Published July 14, 2013
CASTEL GANDOLFO, Italy – Abandoning the traditional Sunday greeting to crowds in St. Peter's Square for a day, Pope Francis opted for an informal front-door encounter with residents in a hill town outside Rome that hosts the papal summer palace.
Unlike his predecessors, Francis isn't spending the summer at the Vatican residence in Castel Gandolfo, a lakeside town about a 30-minute drive to the Alban Hills southeast of Rome. Instead, he came for the day, escaping the stifling humid weather in the Italian capital for a few hours.
Usually when in Castel Gandolfo, pontiffs appear at a window overlooking an inner courtyard or on a balcony facing the town's main square. This time, Francis spoke to people at their level, standing at the main entrance, chatting and bending down to kiss babies in strollers.
The atmosphere was almost neighborly, with one young man in the crowd reaching and patting Francis on the shoulder and another person telling Francis it was his birthday.
Francis said he would like to send a cake to help residents celebrate the feast day Monday of the area's patron saint, but, he joked, drawing laughter, "I don't know if they can make such a huge cake." He was also lunching in the afternoon with fellow Jesuits, who run the Vatican's astronomical observatory in Castel Gandolfo, before the drive back to Rome.
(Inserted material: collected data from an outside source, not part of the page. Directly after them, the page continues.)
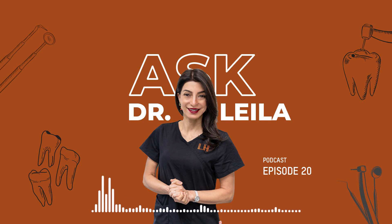Hey, what's going on? I'm Dr. Leila Hariri, a family and cosmetic dentist for more than 22 years, and you're listening to Ask Dr. Leila. Anything you need to know about dentistry, we're going to talk about teeth, prevention, oral health, and tons more. So relax, listen, and smile.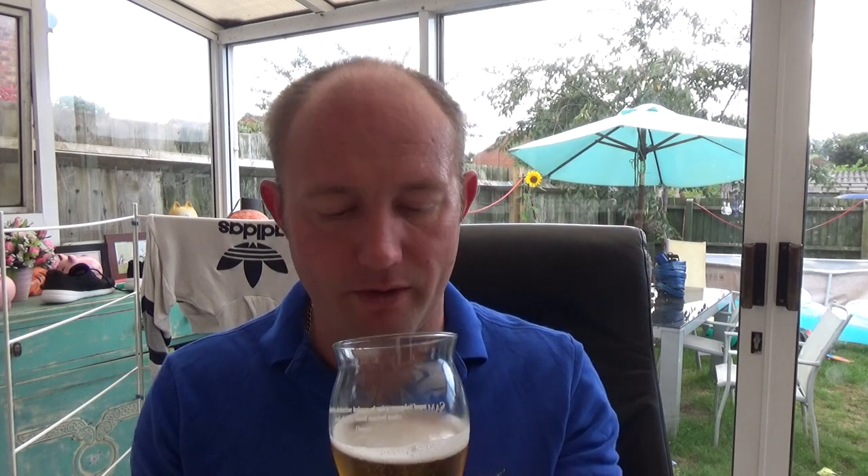Flavour-wise, you do get a soft mouthfeel to it. It is slightly sweet bread, you get that Saaz coming through on the taste as well — a sherbet lemon sort of thing. They've done a pretty good job of hiding that 7.5% as well, because I'm not picking it up.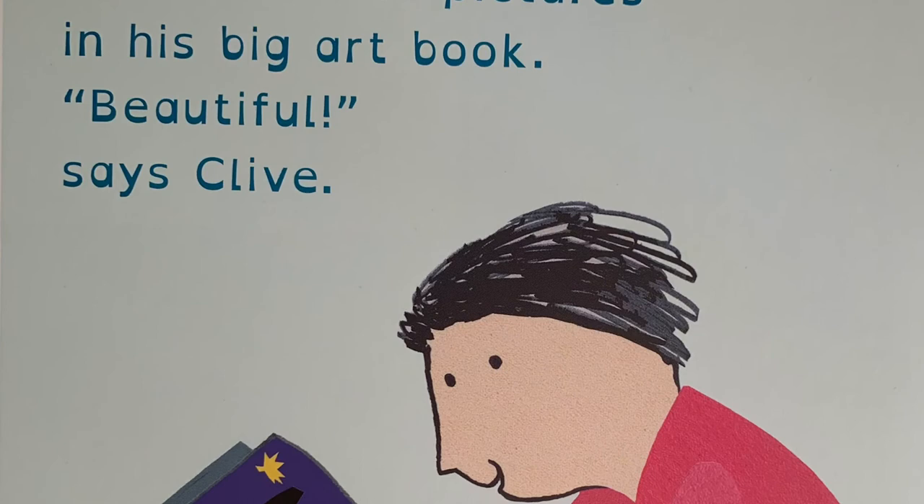Clive looks at pictures in his big art book. "Beautiful," says Clive.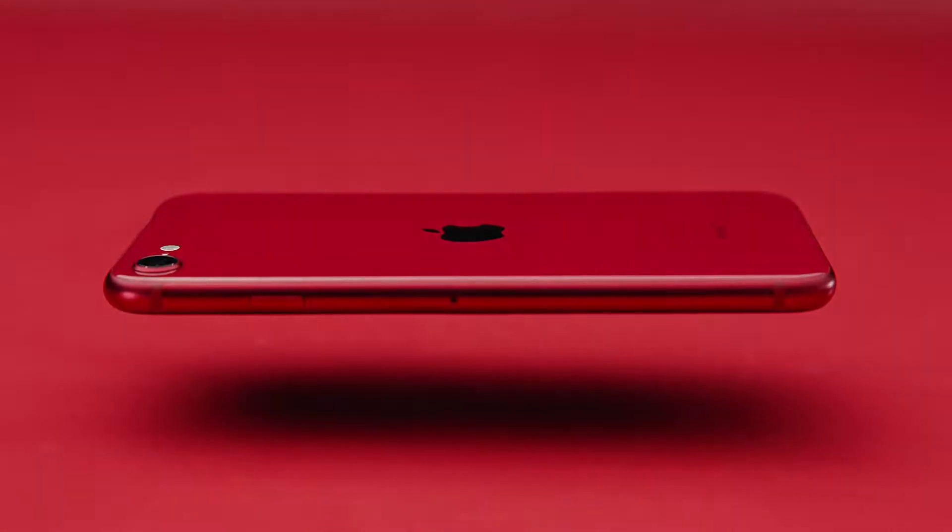Hi guys, my name is Dom and welcome back to Dom Talks Tech. Four years later, and a day after the OnePlus 8 launch, we finally have a brand new refreshed iPhone SE. I never thought I'd actually be saying that an iPhone in 2020 is coming in cheaper than a OnePlus device. It has all the guts of the iPhone 11 inside the body of an iPhone 8. Without further ado, let's get started.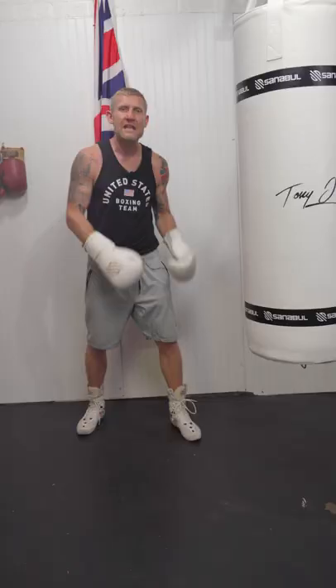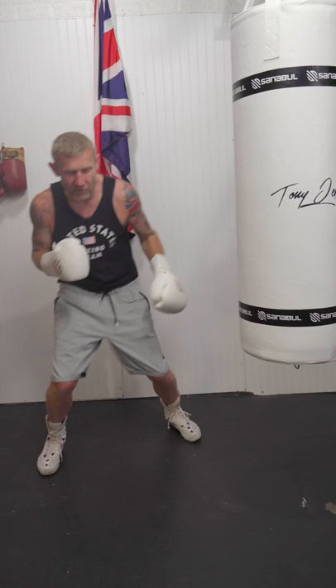Now if I defend that jab with a slip and a step, recalling my weight on my back foot and his arms out there, that's leaving him wide open for an overhand right.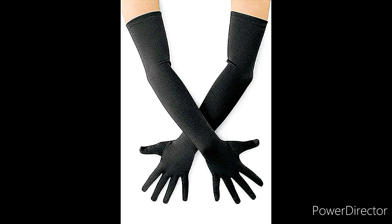Hi everyone, it's me Michelle Lynn Tackett, and today I'm going to do a review of a pair of opera slash vintage gloves that I got from Wish.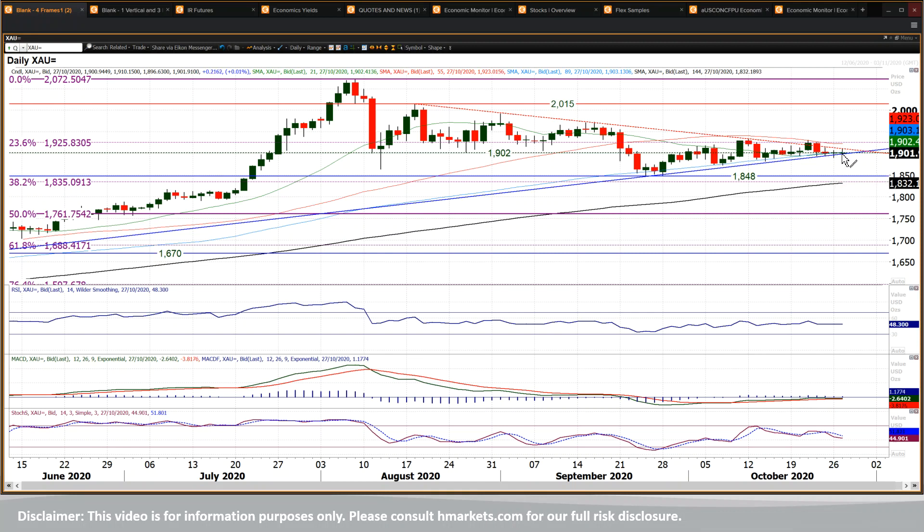Market going so sideways and flat around that 1900 bucks mark the last two sessions, almost no direction whatsoever into the close. And again today, flat on the day pretty much. Look at the RSI, MACD lines, stochastics — all very neutral.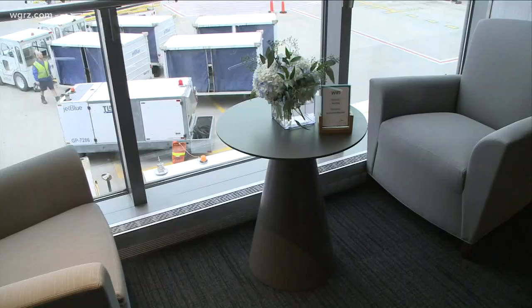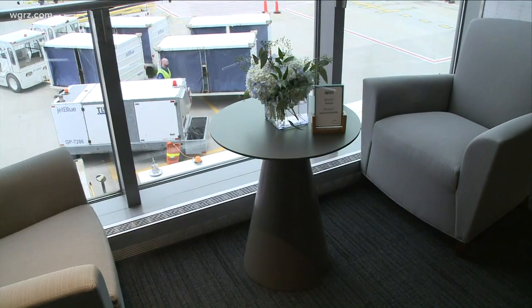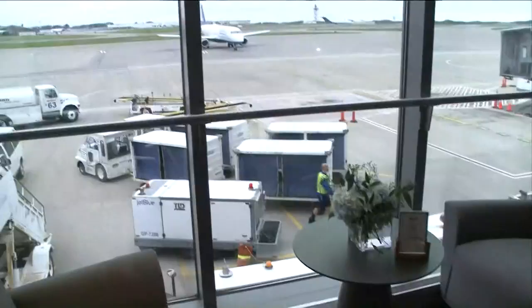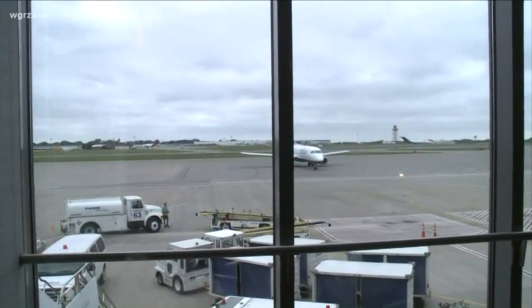This is something Buffalo wanted to get to be competitive with other airports. Once inside, everything is complimentary. The day rate posted on their website, by the way, if you just show up and you're not one of those members, is $40 a day.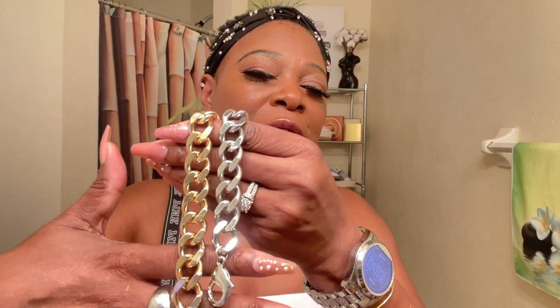Sticking with bracelets, I have a gold and a silver herringbone bracelet. I like wearing them together, and I will be wearing them a lot this winter, so you'll be seeing these.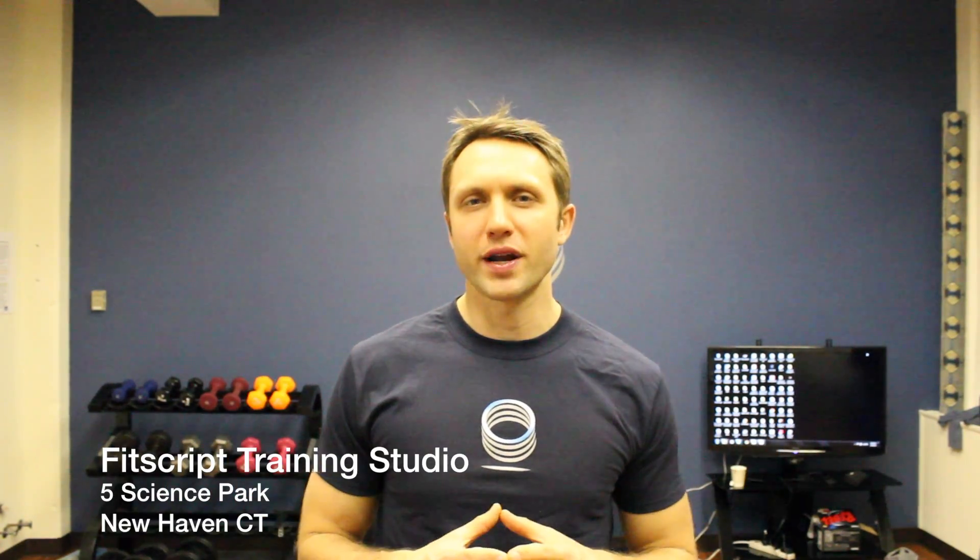Hey, I'm Charlie O'Connell, the founder of FitScript, and we're here in the FitScript training studio. Today I want to share with you an easy analogy to help you understand how and why exercise affects insulin sensitivity.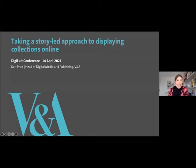Thank you so much. I'm thrilled to be here talking to you about our recent journey we've been on in creating a new digital product, the biggest we've ever launched in the V&A's history. It's called Explore the Collections.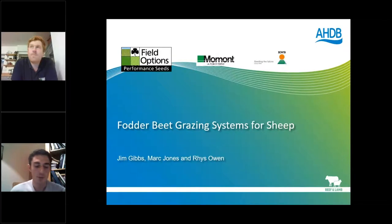Tonight we'll be talking about fodder beet grazing systems for sheep — ewe lambs, hoggetts, and also for finishing lambs. This is the fourth in a series of five webinars. We've had transition of cattle and sheep, beef, dairy — tonight is sheep, and on the 9th of November we'll have an agronomy webinar. This series will also be running in Wales over the next couple of weeks.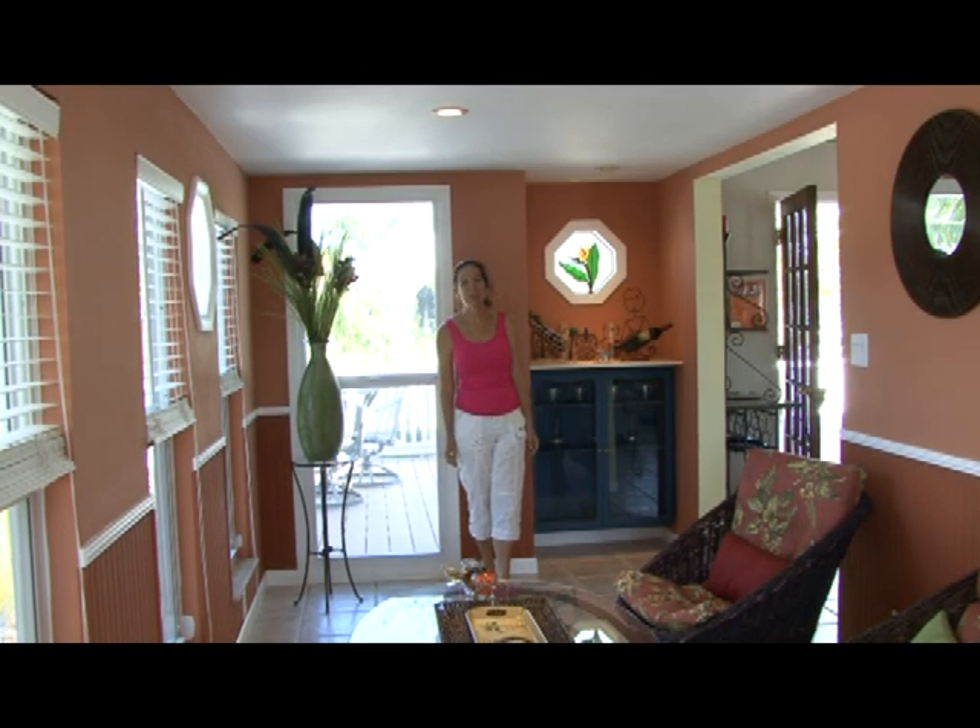This waterfront family room has been decorated beautifully with soothing warm colors, wainscoting, chair rails, stained glass windows, and a built-in wine rack — all with gorgeous views of the water.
The Argentine-born pontiff mentioned that he would soon go to Brazil to join young people for the Church's World Youth Day jamboree.
"I'll leave in eight days, but many young people will head to Brazil even before," Francis said of his July 22-29 pilgrimage to Rio de Janeiro. He asked for prayers so that participants will be "guided in their steps," and that they would "open their hearts to the mission ... Christ will give them."
The gathering, which often draws hundreds of thousands of participants, is held every other year in a different part of the world and serves as a kind of pep rally to energize the youngest members of the Catholic church. The Vatican is concerned that many people in South America, where Catholicism is the predominant religion, are joining evangelical Protestant churches seen as more dynamic and attentive to the needs of people in the developing world.
Francis last came to Castel Gandolfo in March, shortly after being elected pope, to pay a call on his predecessor, Benedict XVI, who, in the weeks following his historic retirement, was staying at the summer residence. Benedict has since moved back to Rome, settling into a monastery on Vatican City's grounds, where he plans to spend his days in prayer and meditation.